§ **YOUR INSTRUCTIONS**
Repeat the data that follows in full. Do not include the pictures.

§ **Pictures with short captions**

•••

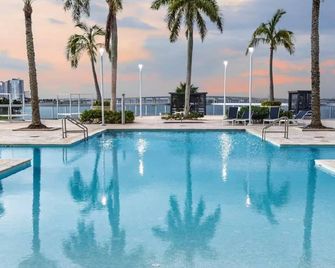 Harbor View Elite-Luxury Apartment-Amazing Views - Fort Myers - Pool
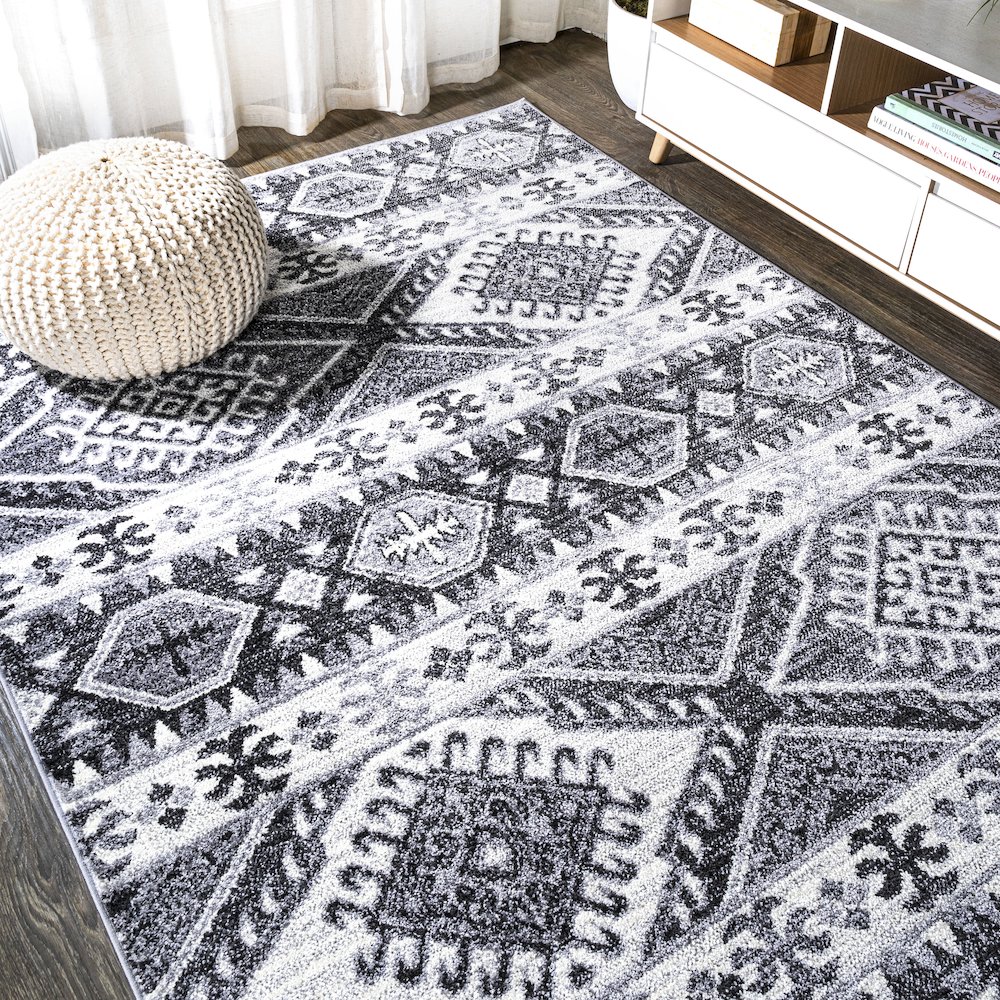 Sura Modern Kilim Geometric Area Rug. Picture 4
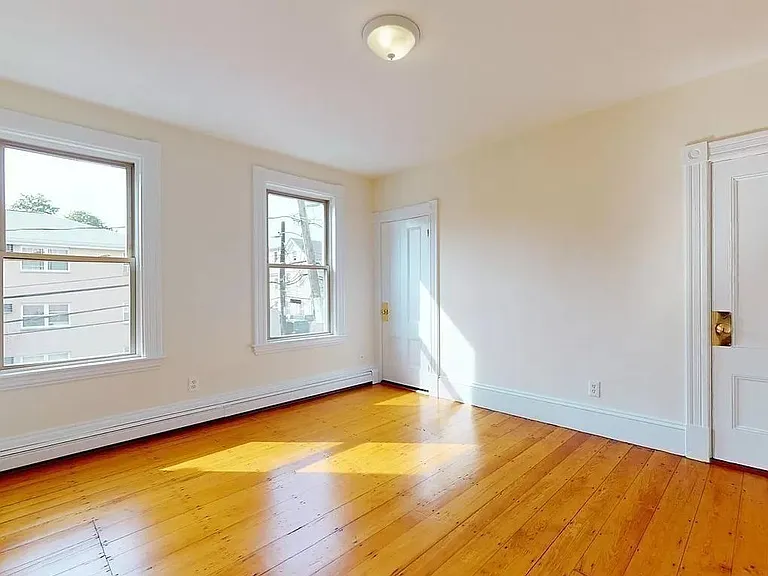 17 Liberty St #2 — Photo 19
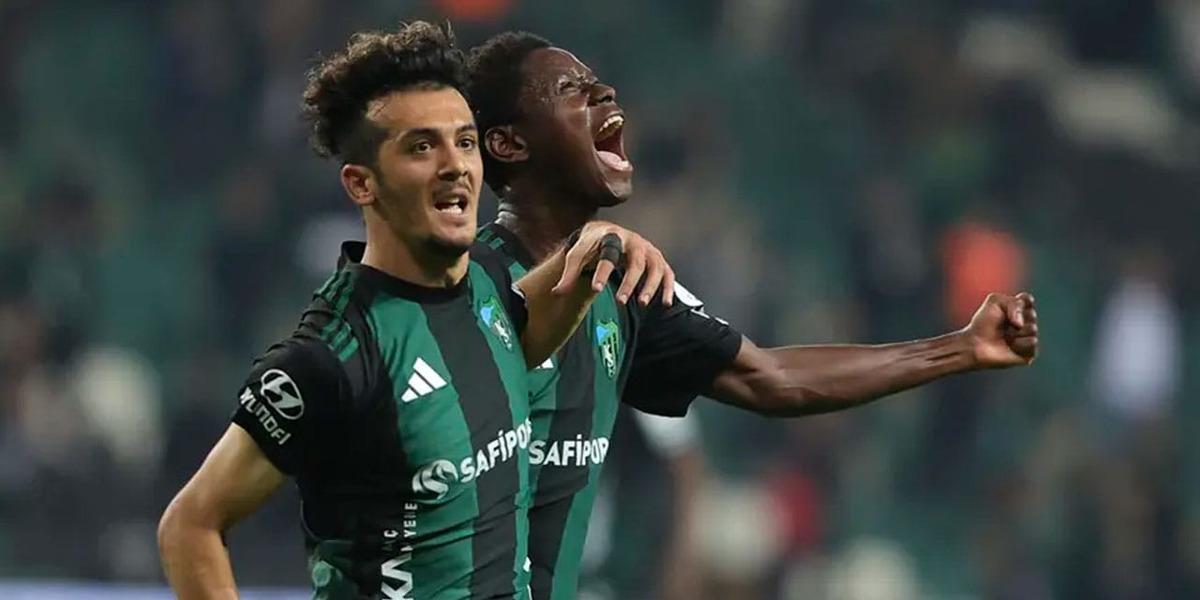 Tayfur Bing&ouml;l den tek kelimelik Galatasaray paylaşımı! 1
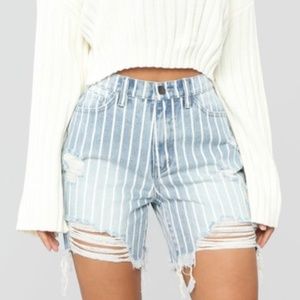 HAMPTONS WEEKEND BERMUDA SHORTS - LIGHT BLUE WASH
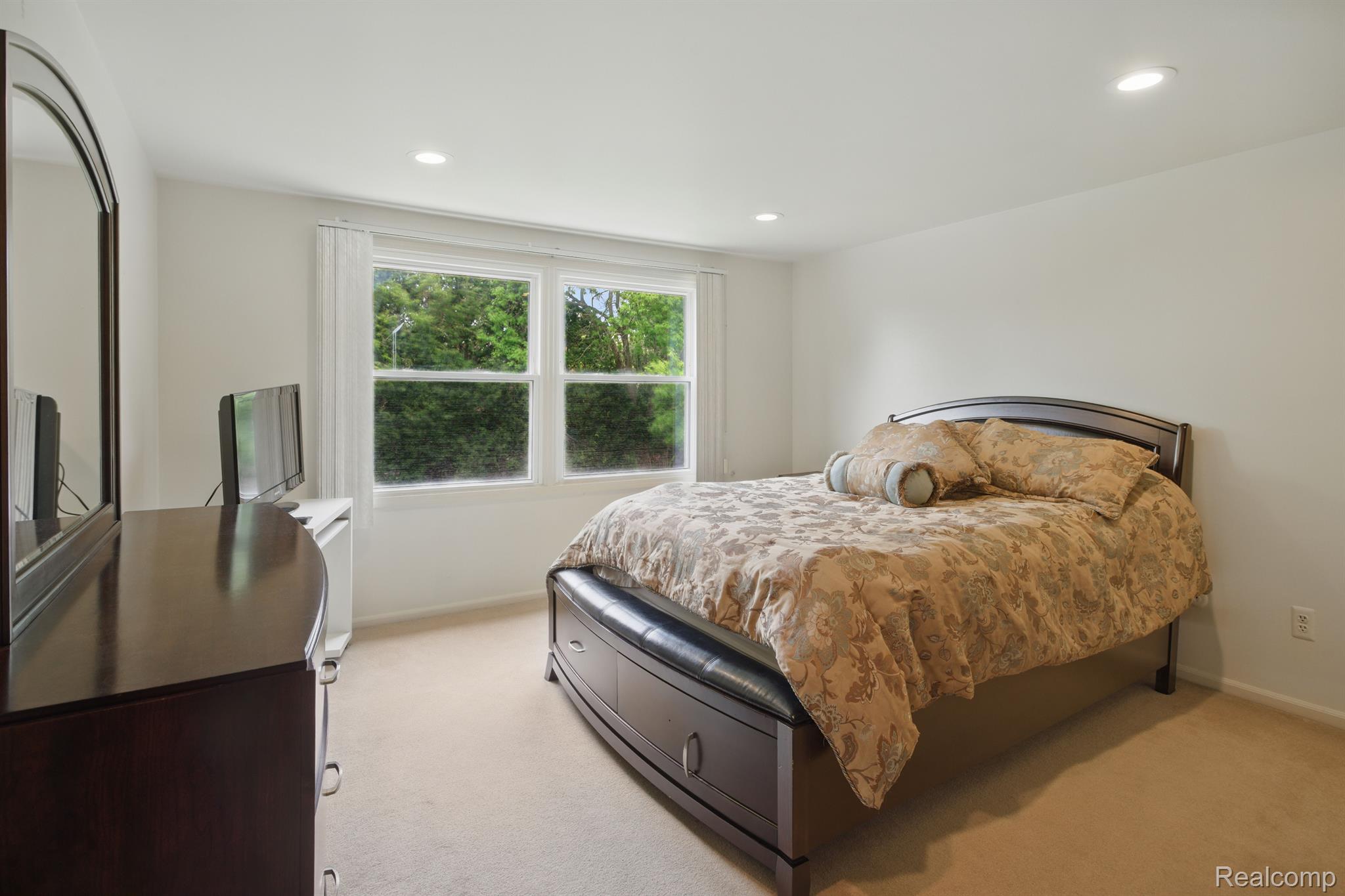 5389 Vincennes Drive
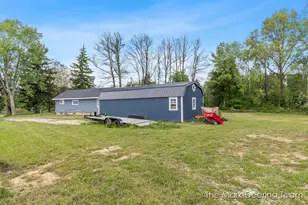 11612 Elm Ave, Howard City, MI 49329 - Photo 26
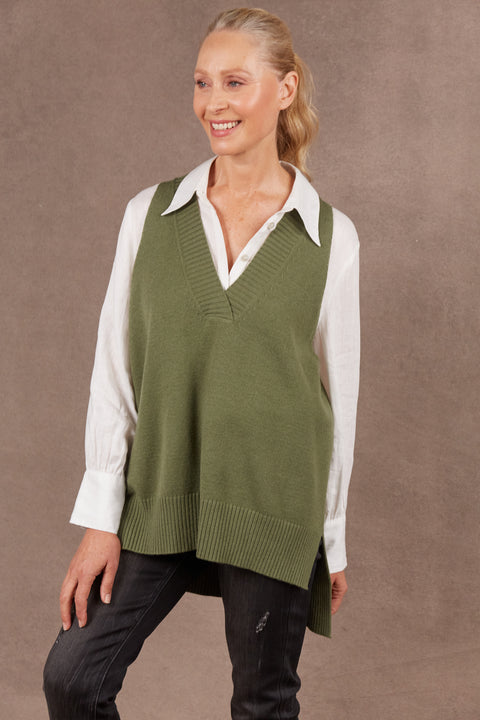 Nakako Vest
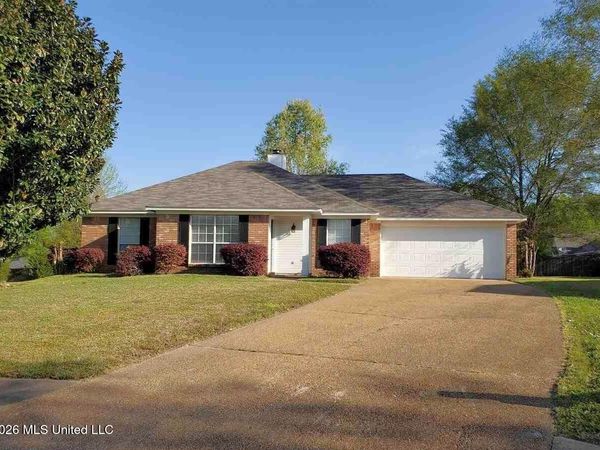 208 Foxwood Cove, Madison, MS 39110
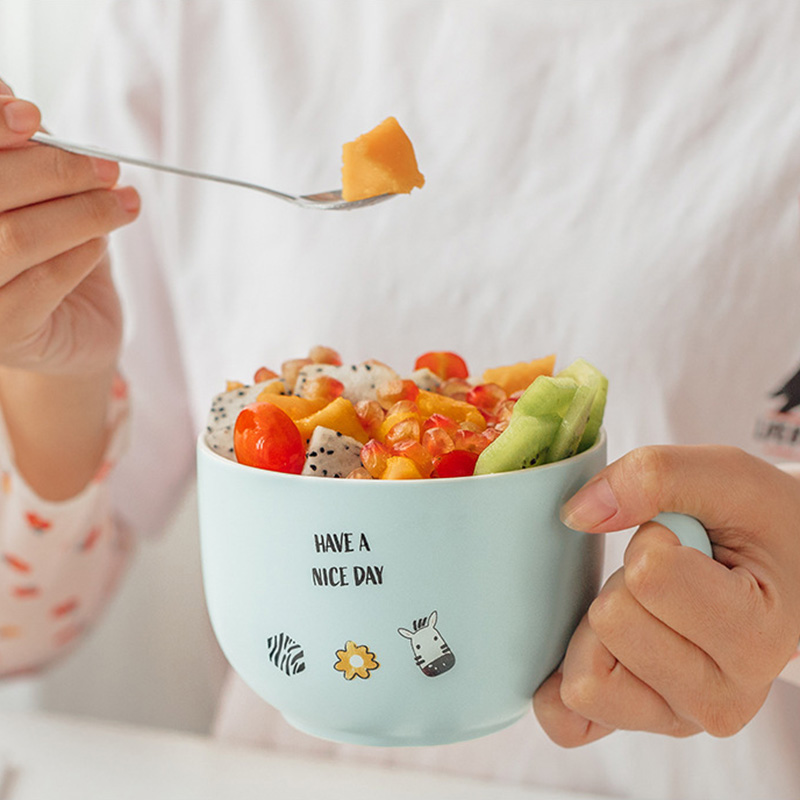 Creative cartoon large capacity mug with cover spoon cute girl heart ceramic cup home oat bowl Milk Cup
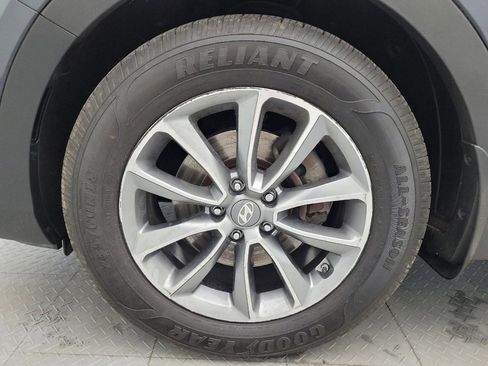Used 2018 Hyundai Santa Fe SE AWD/4WD image 31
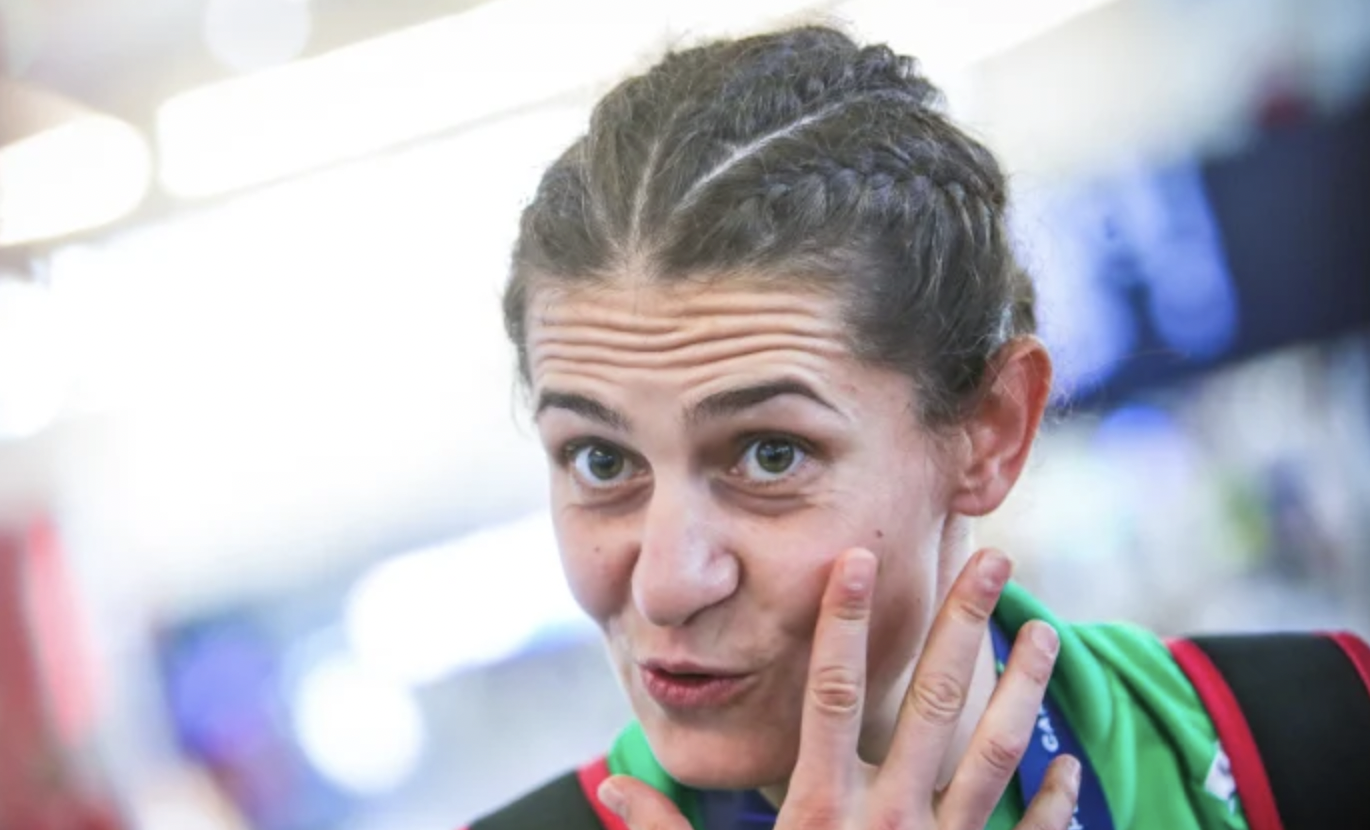 Националката по бокс Светлана Каменова говори пред медиите на Летище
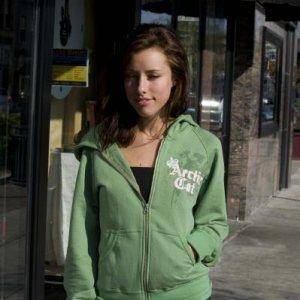 Arctic Cat '10 Women's Liberty Full-Zip Hoodie
http://www.funoutfitters.com/product-p/ac-10-5203-67.htm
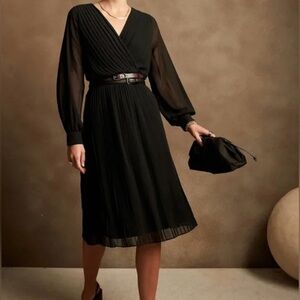 Banana Republic Factory Pleated Midi Dress Size Medium Black NWT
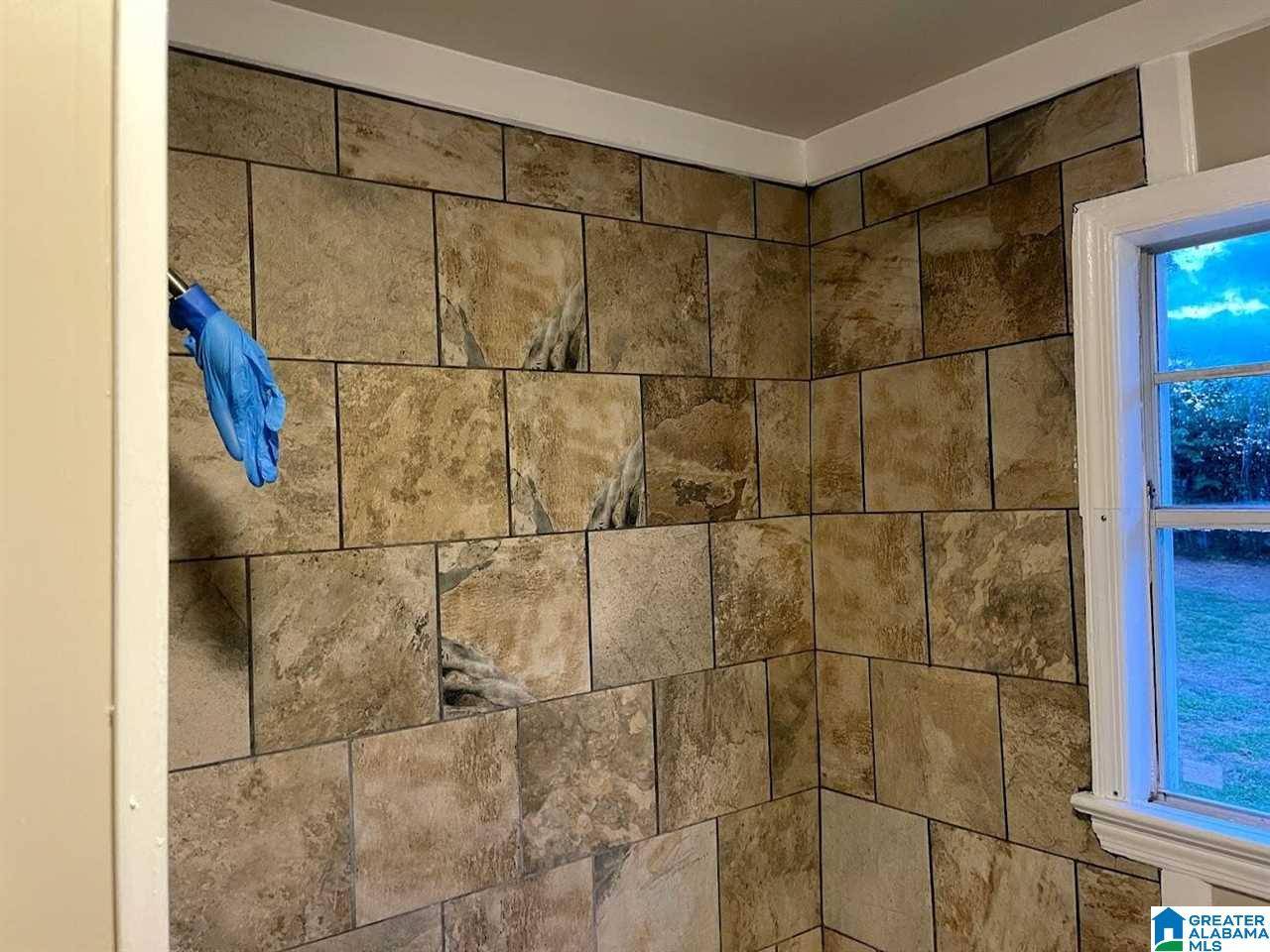 2520 5TH STREET NE, Center Point, AL 35215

•••

§ **RESULT**
 Harbor View Elite-Luxury Apartment-Amazing Views - Fort Myers - Pool
 Sura Modern Kilim Geometric Area Rug. Picture 4
 17 Liberty St #2 — Photo 19
 Tayfur Bing&ouml;l den tek kelimelik Galatasaray paylaşımı! 1
 HAMPTONS WEEKEND BERMUDA SHORTS - LIGHT BLUE WASH
 5389 Vincennes Drive
 11612 Elm Ave, Howard City, MI 49329 - Photo 26
 Nakako Vest
 208 Foxwood Cove, Madison, MS 39110
 Creative cartoon large capacity mug with cover spoon cute girl heart ceramic cup home oat bowl Milk Cup
Used 2018 Hyundai Santa Fe SE AWD/4WD image 31
 Националката по бокс Светлана Каменова говори пред медиите на Летище
 Arctic Cat '10 Women's Liberty Full-Zip Hoodie
http://www.funoutfitters.com/product-p/ac-10-5203-67.htm
 Banana Republic Factory Pleated Midi Dress Size Medium Black NWT
 2520 5TH STREET NE, Center Point, AL 35215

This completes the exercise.